Short text fragments from websites
★ ★ ★ ★

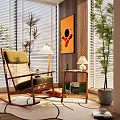 Cozy Rocking Chair With Wooden Frame Green Cushion Side Table Lamp And Plants Near Blinds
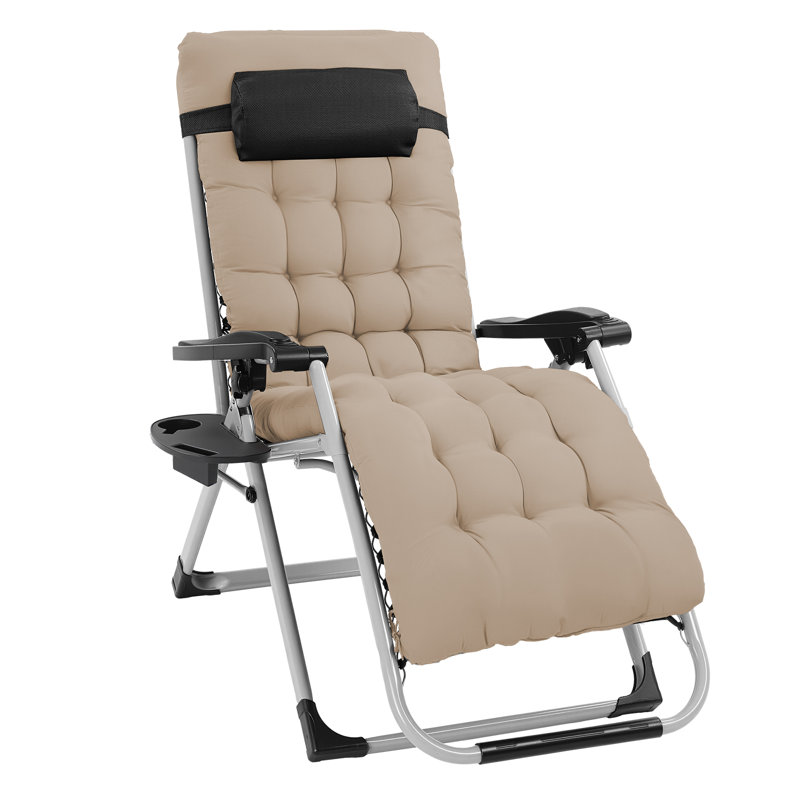 Patio Black Folding Zero Gravity Chair With Brown Cushion, Brown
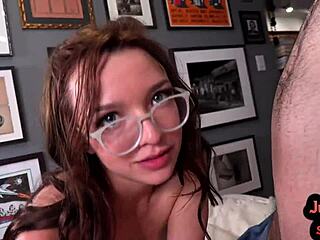 Skinny hairy pussy girlfriend deepthroats and gets pounded hard!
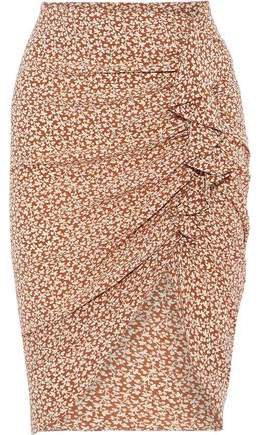 Hazel Ruched Floral-print Silk Crepe De Chine Skirt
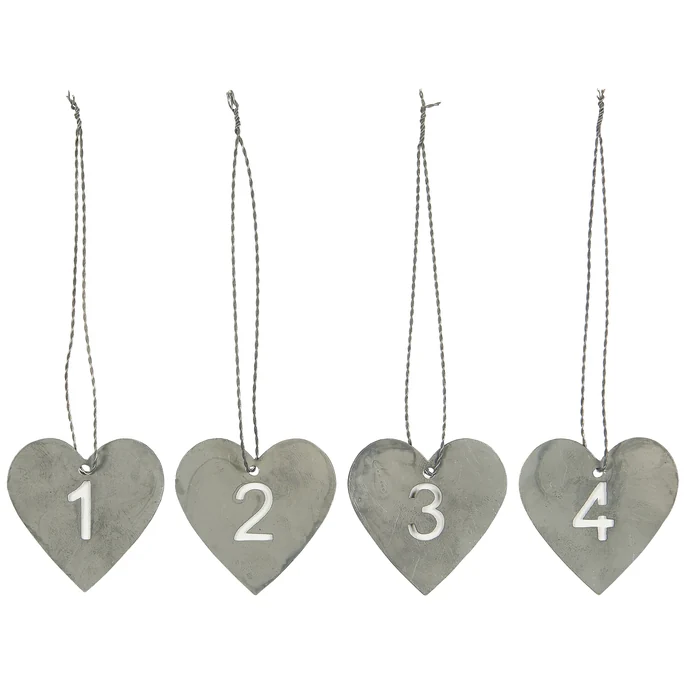 IB LAURSEN / Plechové adventní štítky Heart Silver - set 4 ks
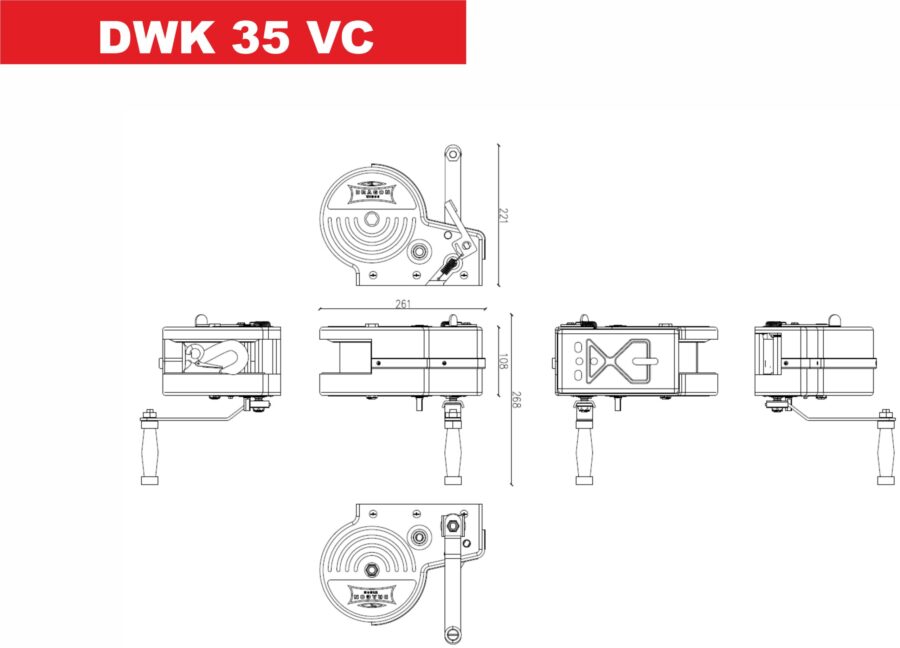 Håndsveiv Vinsj DWK 35VC 3500 lb/1588 kg (med deksel) – bilde 2 av 2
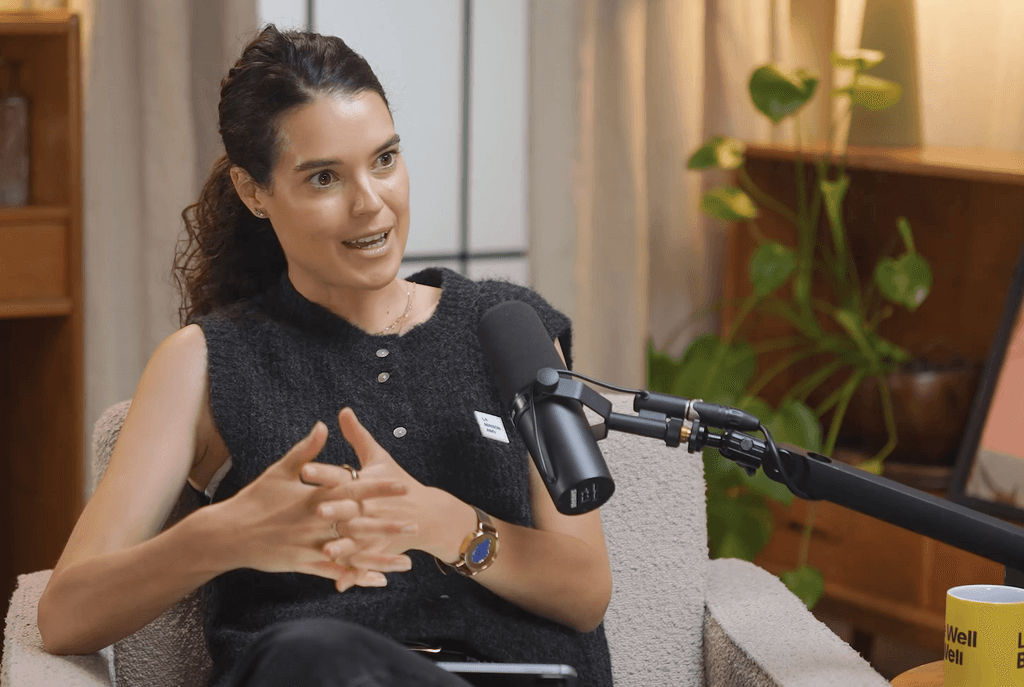 Sarah Ann Macklin talking on podcast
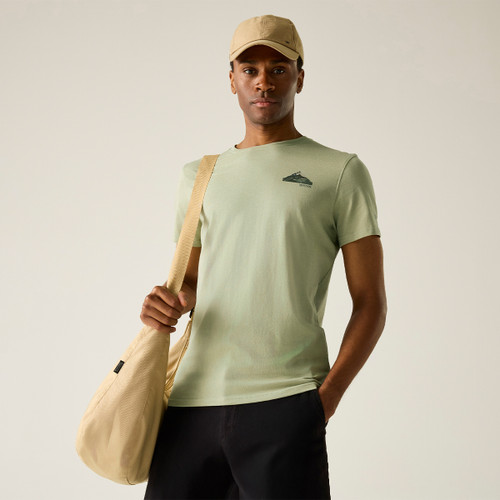 A front view of a man wearing a light sage Regatta t-shirt on a white background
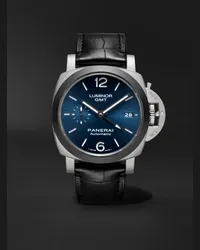 OFFICINE PANERAI Luminor GMT Automatic 42 mm Uhr aus Titan mit Alligatorlederarmband, Ref.-Nr. PAM01279 Blau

★ ★ ★ ★

> _WHAT YOU SHOULD DO_
Pictures stay out, and every line of the records is transcribed exactly.

> _OUTPUT OF THE TASK_
 Cozy Rocking Chair With Wooden Frame Green Cushion Side Table Lamp And Plants Near Blinds
 Patio Black Folding Zero Gravity Chair With Brown Cushion, Brown
 Skinny hairy pussy girlfriend deepthroats and gets pounded hard!
 Hazel Ruched Floral-print Silk Crepe De Chine Skirt
 IB LAURSEN / Plechové adventní štítky Heart Silver - set 4 ks
 Håndsveiv Vinsj DWK 35VC 3500 lb/1588 kg (med deksel) – bilde 2 av 2
 Sarah Ann Macklin talking on podcast
 A front view of a man wearing a light sage Regatta t-shirt on a white background
 OFFICINE PANERAI Luminor GMT Automatic 42 mm Uhr aus Titan mit Alligatorlederarmband, Ref.-Nr. PAM01279 Blau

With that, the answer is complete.